Start of Block

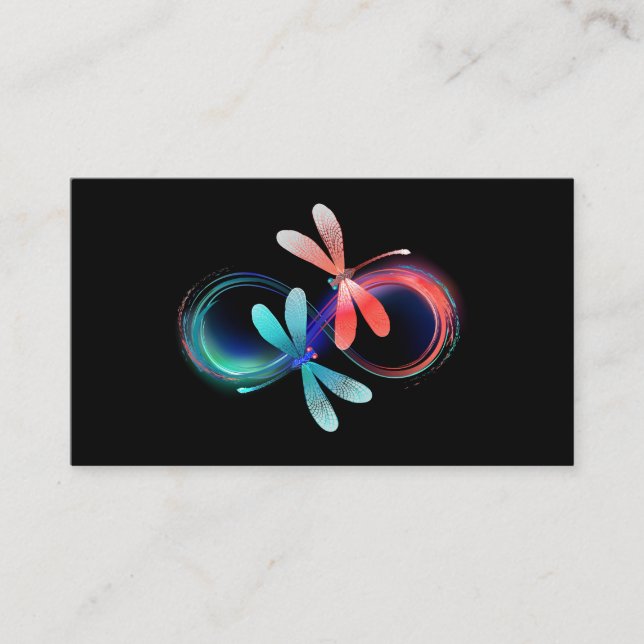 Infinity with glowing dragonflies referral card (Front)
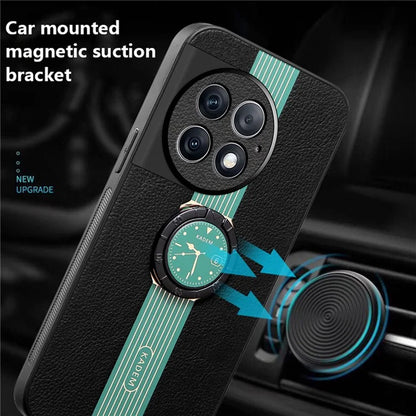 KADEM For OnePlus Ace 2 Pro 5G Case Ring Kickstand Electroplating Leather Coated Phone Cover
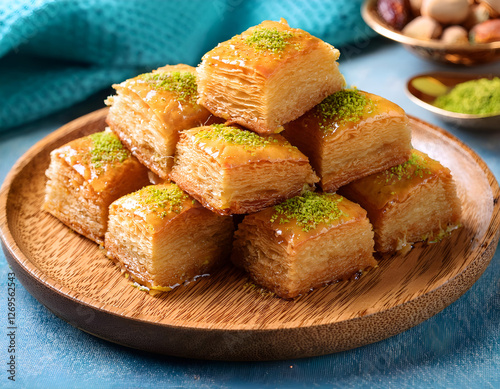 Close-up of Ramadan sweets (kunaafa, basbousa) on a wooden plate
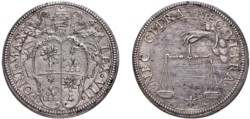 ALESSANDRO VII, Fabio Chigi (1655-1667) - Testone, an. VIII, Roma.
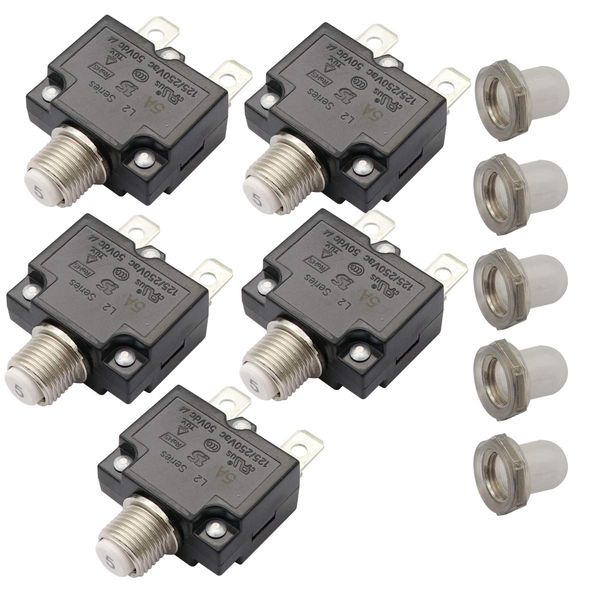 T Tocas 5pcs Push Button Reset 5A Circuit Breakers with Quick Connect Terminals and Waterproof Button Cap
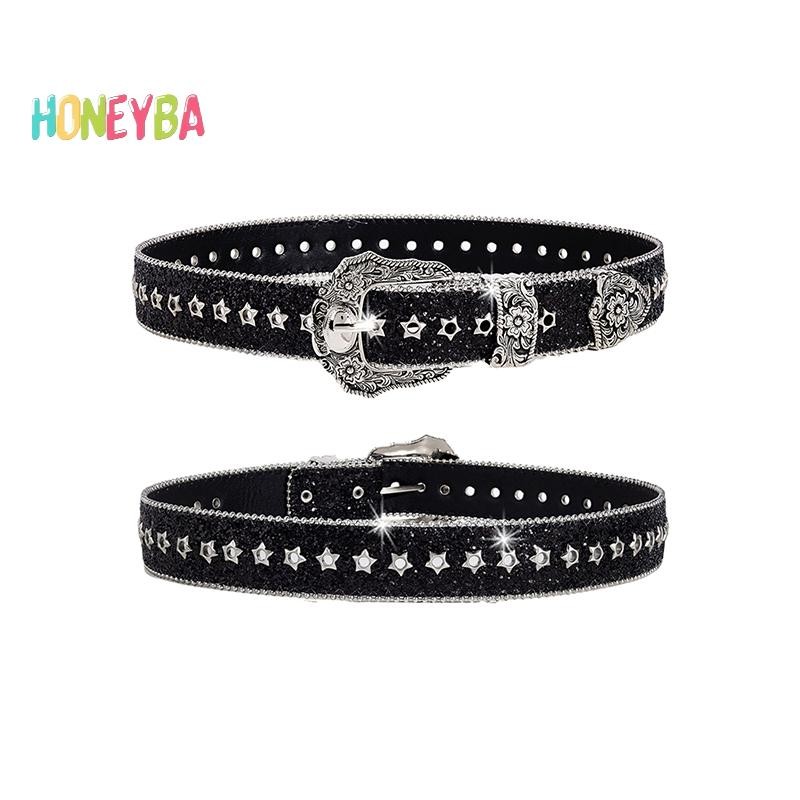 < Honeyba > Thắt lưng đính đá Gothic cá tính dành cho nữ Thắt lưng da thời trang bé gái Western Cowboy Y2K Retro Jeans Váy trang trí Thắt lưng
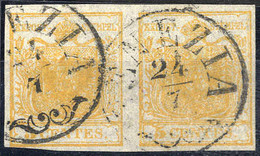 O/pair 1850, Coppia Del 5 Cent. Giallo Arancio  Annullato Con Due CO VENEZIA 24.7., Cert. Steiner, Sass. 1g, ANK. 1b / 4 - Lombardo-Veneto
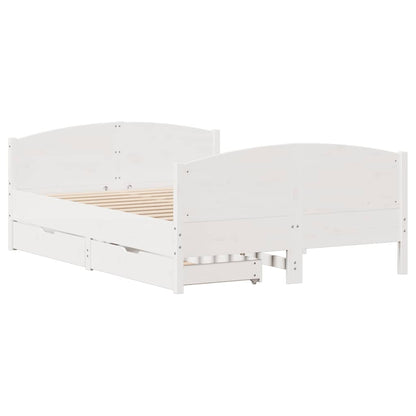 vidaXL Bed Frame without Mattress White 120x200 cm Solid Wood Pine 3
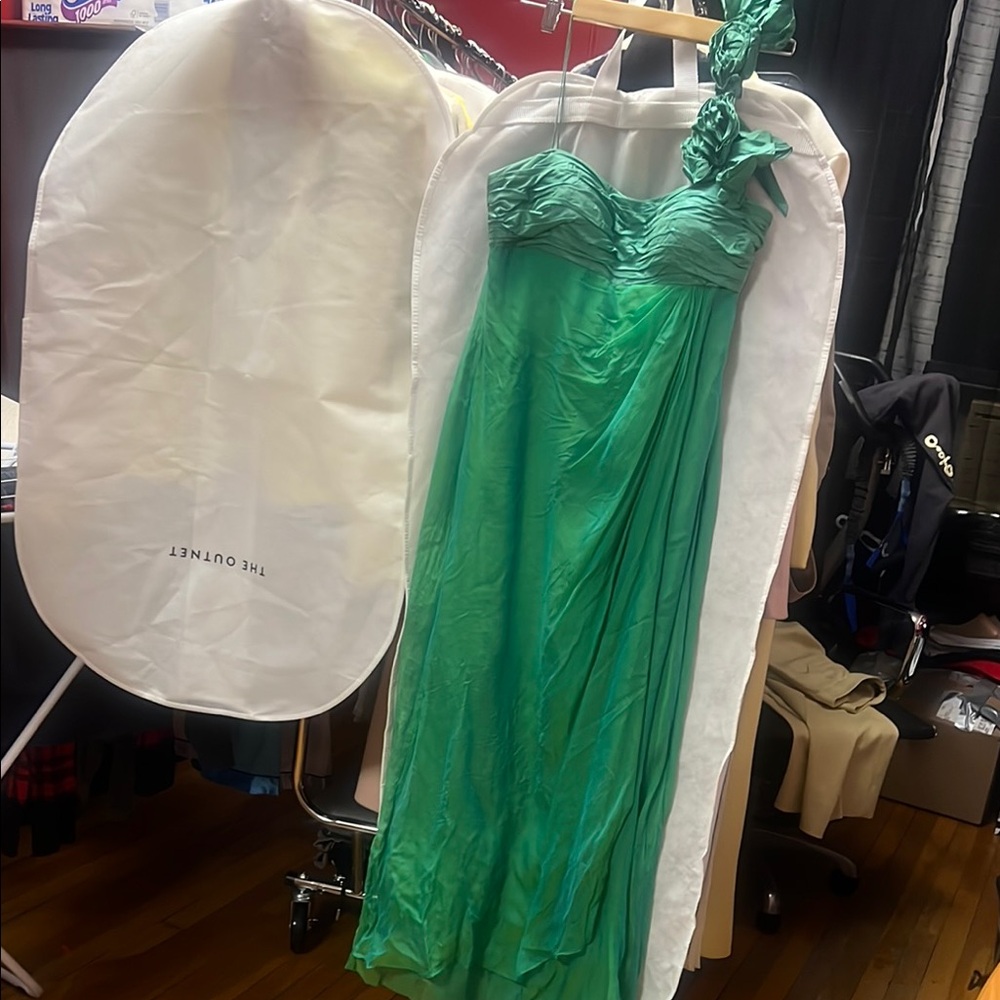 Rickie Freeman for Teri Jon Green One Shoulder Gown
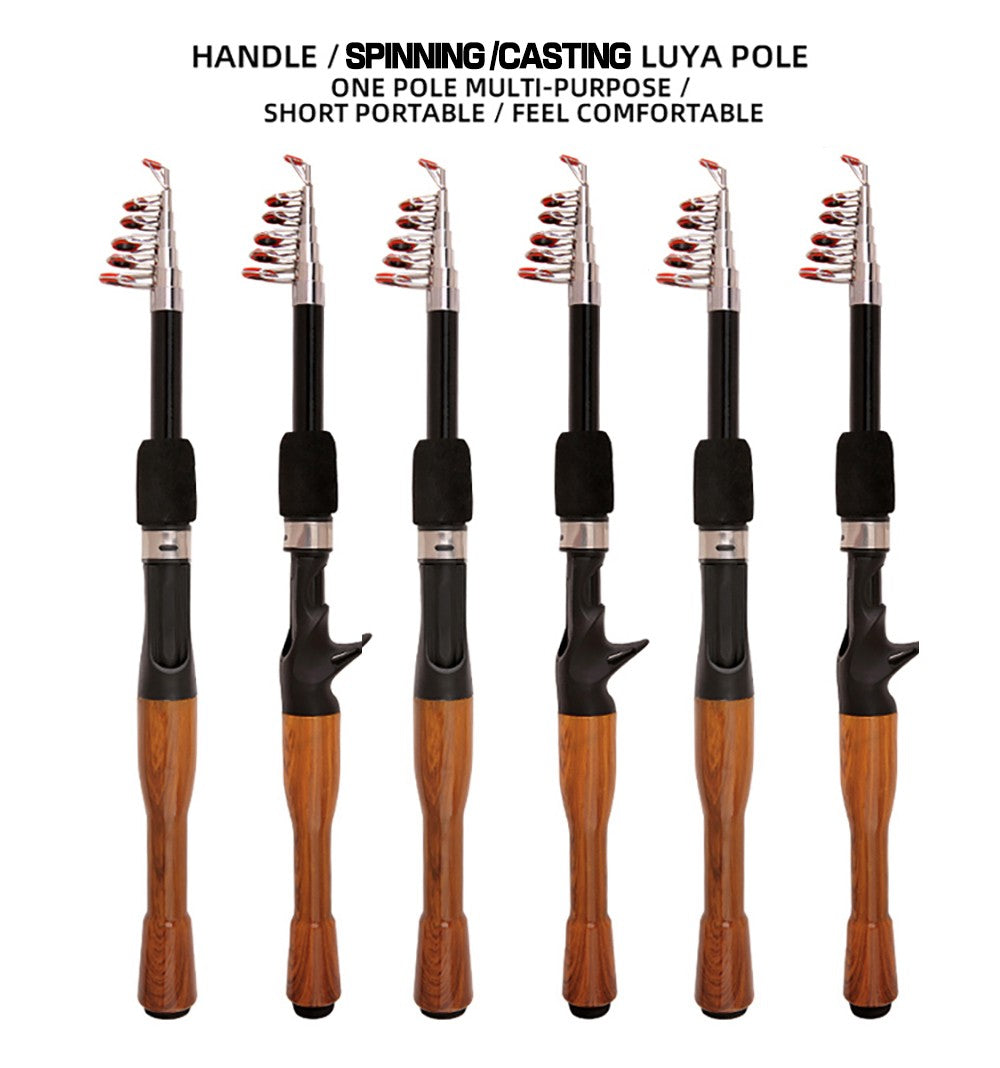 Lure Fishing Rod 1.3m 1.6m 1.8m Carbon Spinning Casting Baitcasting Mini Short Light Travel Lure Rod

End of Block
Start of Block

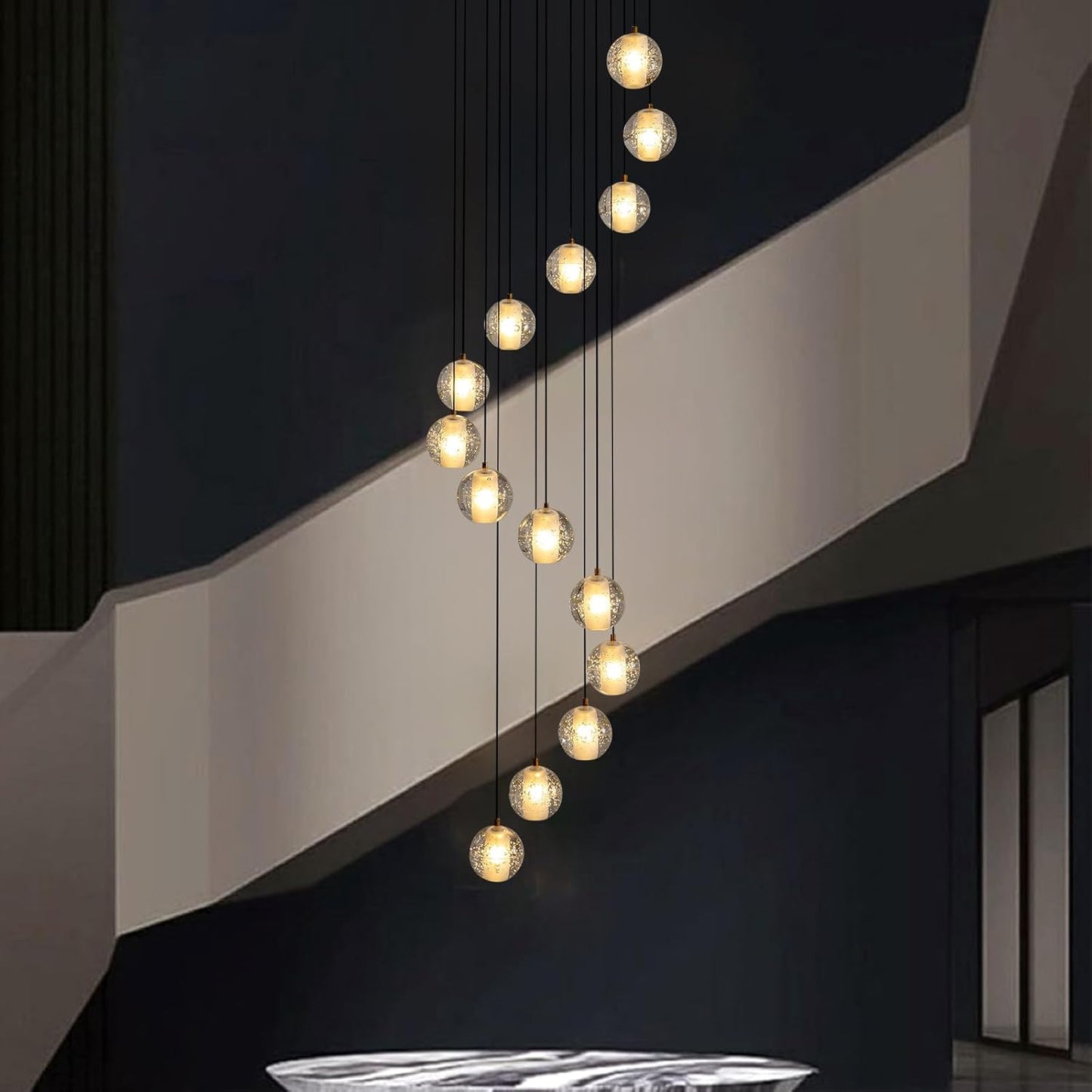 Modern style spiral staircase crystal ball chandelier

End of Block

THE TASK → In the data above, find the line with "KADEM For OnePlus" and the line with "Lure Fishing Rod". Please copy exactly those two lines and every line between them, but not the pictures.

SOLUTION TO THE EXERCISE →
 KADEM For OnePlus Ace 2 Pro 5G Case Ring Kickstand Electroplating Leather Coated Phone Cover
 Close-up of Ramadan sweets (kunaafa, basbousa) on a wooden plate
 ALESSANDRO VII, Fabio Chigi (1655-1667) - Testone, an. VIII, Roma.
 T Tocas 5pcs Push Button Reset 5A Circuit Breakers with Quick Connect Terminals and Waterproof Button Cap
 < Honeyba > Thắt lưng đính đá Gothic cá tính dành cho nữ Thắt lưng da thời trang bé gái Western Cowboy Y2K Retro Jeans Váy trang trí Thắt lưng
 O/pair 1850, Coppia Del 5 Cent. Giallo Arancio  Annullato Con Due CO VENEZIA 24.7., Cert. Steiner, Sass. 1g, ANK. 1b / 4 - Lombardo-Veneto
 vidaXL Bed Frame without Mattress White 120x200 cm Solid Wood Pine 3
 Rickie Freeman for Teri Jon Green One Shoulder Gown
 Lure Fishing Rod 1.3m 1.6m 1.8m Carbon Spinning Casting Baitcasting Mini Short Light Travel Lure Rod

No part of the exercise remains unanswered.